Indefinite, but they'll be a constant (tiny) drain on your power. Alternatively, you could recharge them in large chunks.
So, um, reasking my last question.

Is headmaster for a school of those with potential, like Charles Xavier or Albus Dumbeldore or one of those people, an echo that exists that it's possible for us to get into? I understand that there is a risk of falling into the evil cult echo, but is there a good side to that echo that we can fall into or is that too weak/recent?
 
Indefinite, but they'll be a constant (tiny) drain on your power. Alternatively, you could recharge them in large chunks.

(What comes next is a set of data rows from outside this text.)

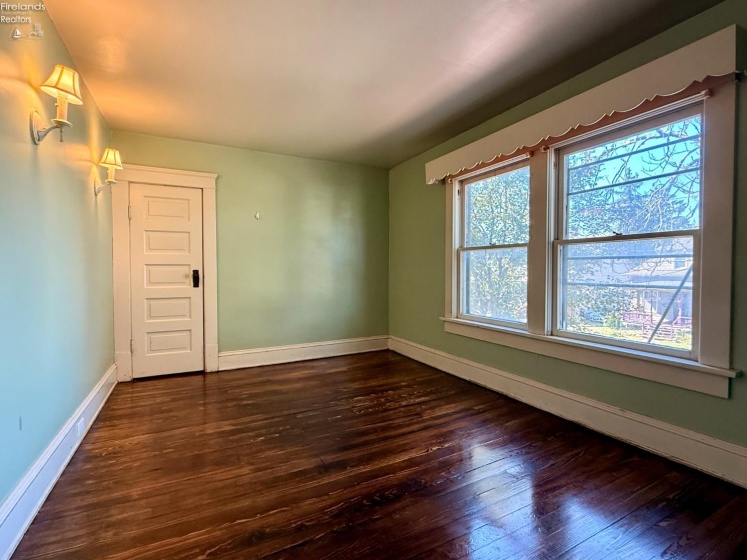 1314 Carr Street, Sandusky, 44870, 3 Bedroom Bedrooms, ,1 BathroomBathrooms,Residential,For Sale,Carr,20264041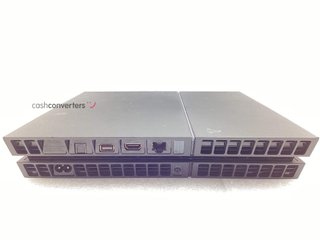 sony ps4 500gb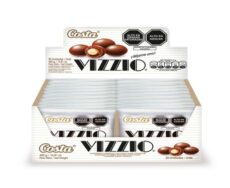 display vizzio 420g 2019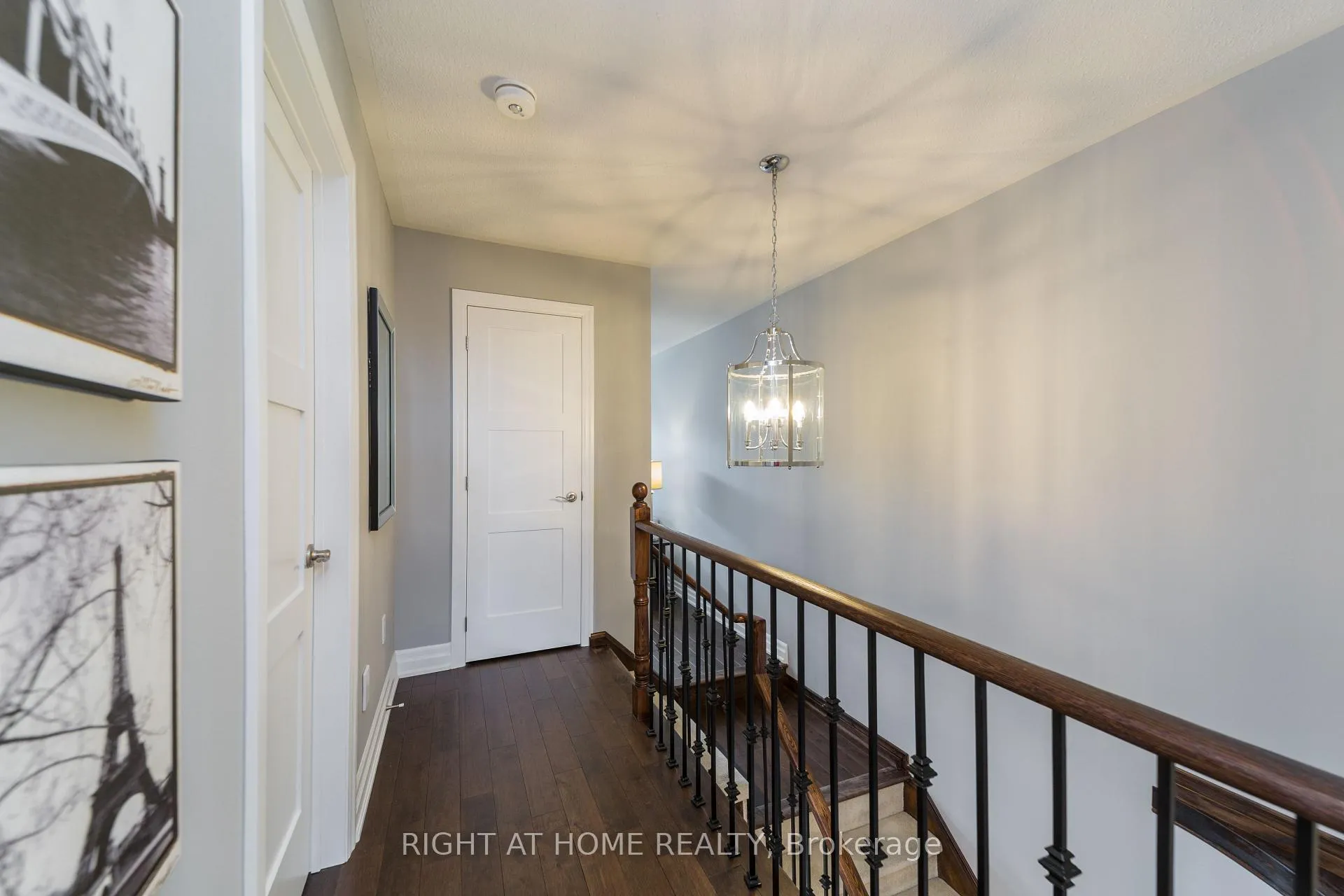 Photo 25 of 53 Primeau Drive, Aurora, Aurora Grove — HOMEH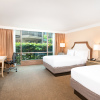 Отель Holiday Inn San Diego-Bayside, an IHG Hotel, фото 21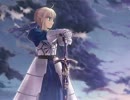 おじさんが「Fate/staynight」実況プレイ50
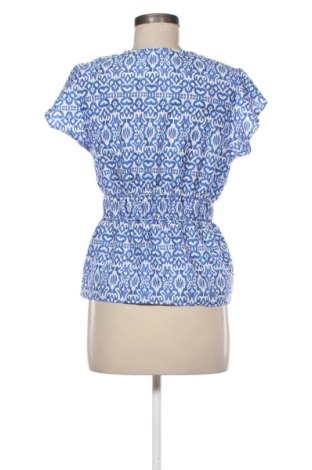 Női blúz Terranova, Méret M, Szín Sokszínű, Ár 4 132 Ft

Hum. So unless we combine them with some kind of non-us energy source, we're not likely to be able to use them to drive an industrial revolution.

I'm going to see if I can edit my plan to take this into account. Less necromancy, change life magic to cursing since it's a clearer example of being able to use things for good if you're just willing to look at the world a little bit more carefully.